Seit über 30 Jahren ist Jon Oliva nun schon dabei. In dieser Zeit veröffentlichte er fast im Jahrestakt Alben unter verschiedenen Namen. Da all diese Bands bzw. Projekte (Savatage, Doctor Butcher, T.S.O., Pain) zwar immer verschieden, aber doch typisch Oliva klangen, trifft dies auch auf die neue Platte zu. Allerdings muss man sagen, dass der Mountain King wohl noch nie so viel experimentiert hat wie auf „Raise the Curtain”. So erfrischend anders klang seine Musik nach dem Ende von Savatage nicht mehr. Jon Oliva's Pain orientierte sich eher an Savatage um 1990, das jetzige Soloprojekt orientiert sich an......nichts!

Jon Oliva ist, bei all seinen Talenten, ja in erster Linie Tastenmusiker, und das wird auf „Raise the Curtain” deutlich herausgestellt. Im langen Intro mit ewiger Wiederholung des Albumtitels präsentiert sich zum ersten Mal die Hammond Orgel im Vordergrund, welche den Hörer über weite Strecken des Albums begleitet. Hier fällt die exzellente Produktion von „Raise the Curtain” auf, die auch bei höherer Lautstärke die Songs klar und kräftig wiedergibt. Danach gibt es mit „Soul Chaser” solide, überraschend harte 80er Metalkost. In dieser Hinsicht setzen „Big Brother” und vor allem „The Witch” noch einen drauf. Letzteres klingt wie eine Mischung aus Nevermore und System Of A Down.
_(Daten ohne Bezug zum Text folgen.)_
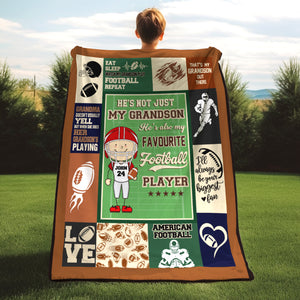 He's Not Just My Son, Gift For Son, Personalized Blanket, Football Player Grandson Blanket - Blanket - GoDuckee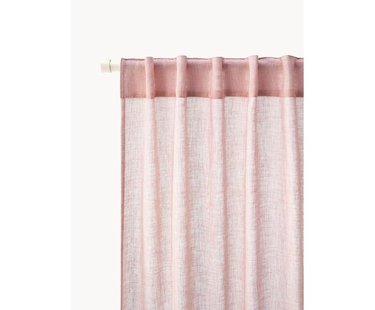 Semi-transparant gordijnen Ibiza met lusophanging, 2 stuks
Schon komisch und nicht unbedingt zündend, im Gegensatz zum ebenfalls ungewöhnlichen „Armageddon” mit dem klimpernden Cembalo.

Ebenfalls ungewöhnlich, aber gut präsentiert sich das musicalartige „Ten Years”, während „Father Time” als radiofreundliche, treibende Single etwas aus dem Rahmen fällt.

Der absolute Höhepunkt des Albums ist die Powerballade „I know”. Dies ist der einzige Song, der wirklich nach Savatage klingt und der den Vergleich mit den großen Nummern wie „Believe” und „When the Crowds are gone” nicht verliert. Vielleicht ist dies der beste Oliva-Song seit 1997.

Insgesamt gesehen hat dieses Album zwei Gesichter. Die erste Hälfte ist erfrischend, kraftvoll und eingängig und bis einschließlich Track 7 „Armageddon” auf einem hohen Niveau. Danach verliert sich Jon Oliva in Experimenten und belanglosen Balladen, was in dem überflüssigen Bonussong „The Truth” mit Schunkelakkordeon gipfelt.

Ob einem das als Argument zum Albumkauf ausreicht, sollte jeder selbst entscheiden. Die Veröffentlichungen von Pain und die letzte Savatage „Poets and Madmen” waren nicht zwingend besser. Für Fans der letzten Platten ist „Raise the Curtain” sicher etwas, für Fans von T.S.O. und der O'Neill Platten von Savatage eher nicht.